A common way people misuse their cards is paying bills late. Just over 20 percent of Americans say they've made a delinquent credit card payment, meaning they were at least 30 days overdue, according to NerdWallet's 2018 Consumer Credit Card Report. In the first quarter of 2018 alone, $23 billion worth of all credit card debt in the U.S. was delinquent.

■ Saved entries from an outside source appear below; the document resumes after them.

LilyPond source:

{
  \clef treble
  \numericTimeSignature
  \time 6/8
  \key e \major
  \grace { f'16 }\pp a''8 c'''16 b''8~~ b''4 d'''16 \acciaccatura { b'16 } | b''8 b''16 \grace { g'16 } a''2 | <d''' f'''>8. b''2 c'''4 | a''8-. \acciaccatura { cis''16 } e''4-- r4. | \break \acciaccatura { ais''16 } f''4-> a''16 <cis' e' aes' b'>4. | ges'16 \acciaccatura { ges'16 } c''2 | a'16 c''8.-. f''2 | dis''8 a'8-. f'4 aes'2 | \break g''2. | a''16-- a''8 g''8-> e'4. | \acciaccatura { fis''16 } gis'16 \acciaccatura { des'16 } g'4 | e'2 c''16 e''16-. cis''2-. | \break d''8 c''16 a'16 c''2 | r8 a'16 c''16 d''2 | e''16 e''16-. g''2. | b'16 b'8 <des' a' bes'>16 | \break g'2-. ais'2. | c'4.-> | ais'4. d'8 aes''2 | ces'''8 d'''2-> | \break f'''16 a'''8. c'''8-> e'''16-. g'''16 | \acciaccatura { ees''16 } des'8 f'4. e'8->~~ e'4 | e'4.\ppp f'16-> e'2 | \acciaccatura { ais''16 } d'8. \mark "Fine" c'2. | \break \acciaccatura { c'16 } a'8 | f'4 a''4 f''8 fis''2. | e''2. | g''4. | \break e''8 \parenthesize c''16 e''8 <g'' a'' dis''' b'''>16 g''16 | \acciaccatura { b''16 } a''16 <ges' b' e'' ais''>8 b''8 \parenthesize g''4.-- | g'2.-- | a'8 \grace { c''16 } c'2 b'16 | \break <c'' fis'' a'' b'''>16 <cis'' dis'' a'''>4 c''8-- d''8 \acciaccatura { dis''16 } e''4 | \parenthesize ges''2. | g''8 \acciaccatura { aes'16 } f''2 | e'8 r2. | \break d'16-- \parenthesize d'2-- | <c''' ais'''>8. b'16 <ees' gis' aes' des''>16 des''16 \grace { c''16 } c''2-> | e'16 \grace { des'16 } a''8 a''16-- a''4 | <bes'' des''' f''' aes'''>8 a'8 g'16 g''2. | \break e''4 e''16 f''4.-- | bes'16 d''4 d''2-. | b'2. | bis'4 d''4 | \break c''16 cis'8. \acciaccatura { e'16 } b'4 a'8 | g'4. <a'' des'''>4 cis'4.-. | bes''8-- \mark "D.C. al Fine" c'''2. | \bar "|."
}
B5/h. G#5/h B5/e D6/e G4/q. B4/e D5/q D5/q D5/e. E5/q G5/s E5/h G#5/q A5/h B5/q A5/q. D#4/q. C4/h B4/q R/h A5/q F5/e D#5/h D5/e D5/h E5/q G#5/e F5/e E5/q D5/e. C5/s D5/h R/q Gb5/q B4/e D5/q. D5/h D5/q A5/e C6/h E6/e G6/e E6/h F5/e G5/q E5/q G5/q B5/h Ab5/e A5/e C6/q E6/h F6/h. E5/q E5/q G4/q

Your first late payment fee is at most $27 but, if you continue paying late, the penalties can get as high as $38, depending on your agreement with your credit card issuer. For the 21 percent of Americans who have made a delinquent payment, the first-time late fees alone add up to more than $1.4 billion, NerdWallet points out.
"Being delinquent on your credit card can have a huge negative impact on your finances. Not only do you have to pay late fees, but the interest can grow over time and in some cases your credit score drops, too, making future loans more expensive for you," says NerdWallet credit card expert Kimberly Palmer.
The larger your balance, the more interest you have to pay. The average U.S. household with revolving credit card debt pays almost $900 in interest each year.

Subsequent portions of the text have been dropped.